|
|
|
Soy la Hermana Merche Calvo que imparto clase en infantil en nuestro colegio y deseo contaros algo de lo que para mí ha supuesto la experiencia en un poblado de África en el que he estado durante los meses de abril, mayo y junio del 2006, enviada por la Congregación a la que pertenezco, Carmelitas de la Caridad Vedruna, allí he compartido la vida con una comunidad de hermanas Carmelitas. Son muchas las cosas que en tan poco tiempo me han impactado, os cuento...
La misión que
tienen las hermanas con las que he estado en la selva me ha parecido
de mucho valor, ya que aquí están muy solas, incomunicadas y no
cuentan con demasiados medios, pero veía como son capaces de ayudar
en todos los campos, a estas personas para que salgan adelante en la
vida. En la escuela, educando e inculcando valores que ayuden a
vivir dignamente. En la salud, sanando y dando vida a tanta gente,
intentando que ellas mismas vean la importancia de cuidarse para
vivir mejor.Y promocionando a las mujeres, para que salgan de lo
cotidiano y monótono de cada día, aquí en el bosque, que descubran
que valen mucho, su vida no es sólo tener hijos y trabajar.
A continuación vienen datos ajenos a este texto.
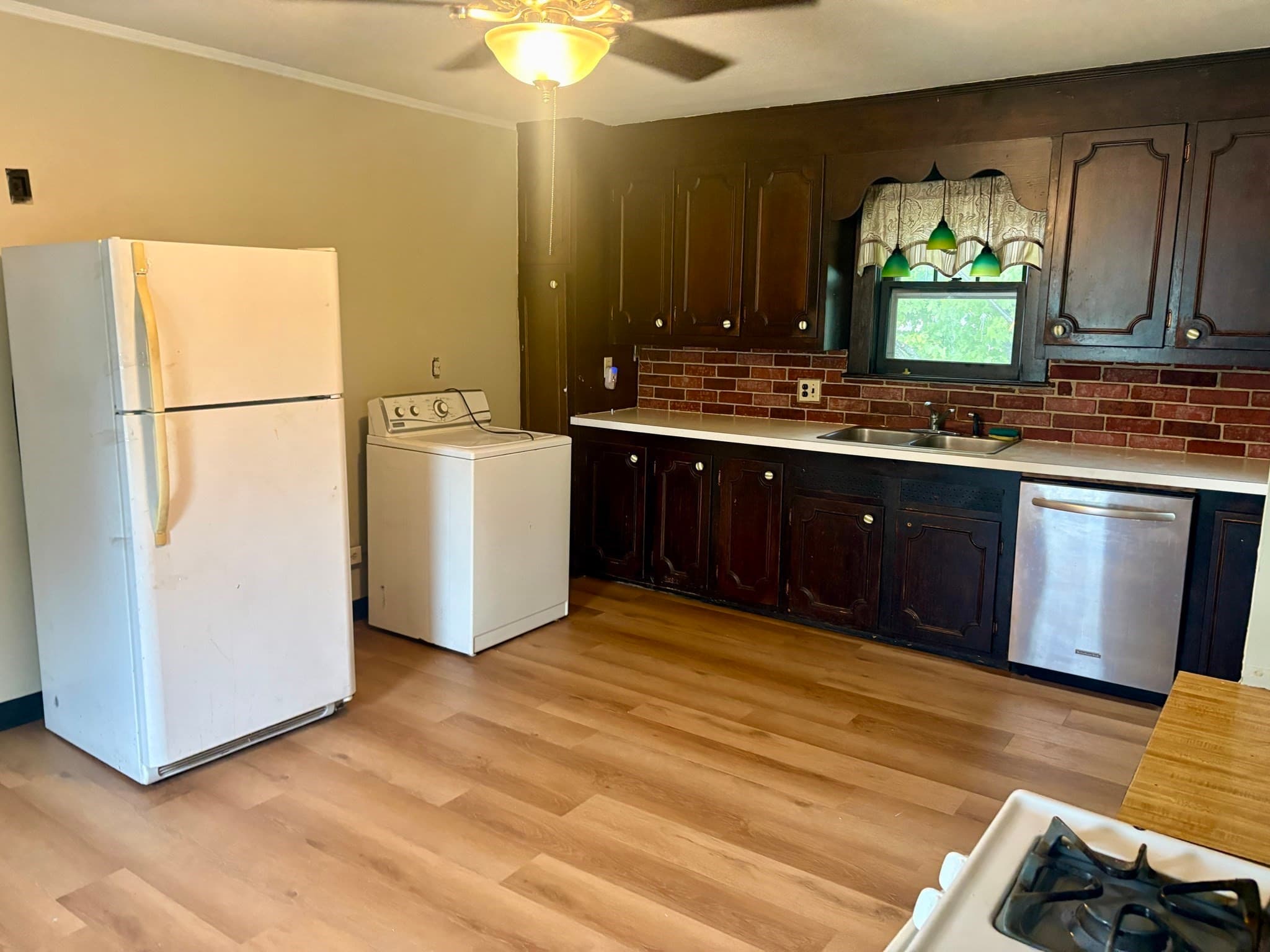 2 Family - 2 Units Up/Down at 13 Dexter St, Holyoke MA 01040, Holyoke, photo 8 of 24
También
quiero resaltar como muy positivo, toda la labor que hacen en el
aspecto de la fe, con las catequesis cada tarde, dando a conocer a
Jesús y ayudándoles a saber vivir desde la verdad como Él. Todo esto
intentan hacerlo de una forma gratuita, porque mucha recompensa no
reciben, pero para ellas tiene mucho valor la PERSONA y desean que
este poblado pueda vivir dignamente. El haber vivido todo esto me
ha cuestionado muchas cosas, pero lo más importante en este momento
de mi vida y en tan próxima a partir para España, es que allá donde
esté, utilizaré lo que tenga con mucha responsabilidad, porque he
visto con mis propios ojos como otros no pueden gozar de ello, de lo
más elemental como es el agua, la luz,...Ahora sí puedo decir que se
puede vivir con menos cosas de las que tengo, el no acumular, porque
eso hace que otros tengan menos. Podría seguir diciendo muchas cosas
más, pero esto es lo que deseo resaltar en este momento y sobre todo
invitaros a reflexionar conmigo que podemos hacer para que aquellos
que menos tienen, puedan vivir de una manera más digna. Al leer todo
esto creo que vuestro corazón no se puede quedar indiferente, el mío
ha dado un giro muy grande, porque he pisado y palpado el dolor que
sientes nuestros herman@s africanos, ante tanta pobreza como les
rodea. Gracias por querer conocer otra realidad que aunque está muy
lejos, ahora puede resultarnos más cercana para todos vosotros.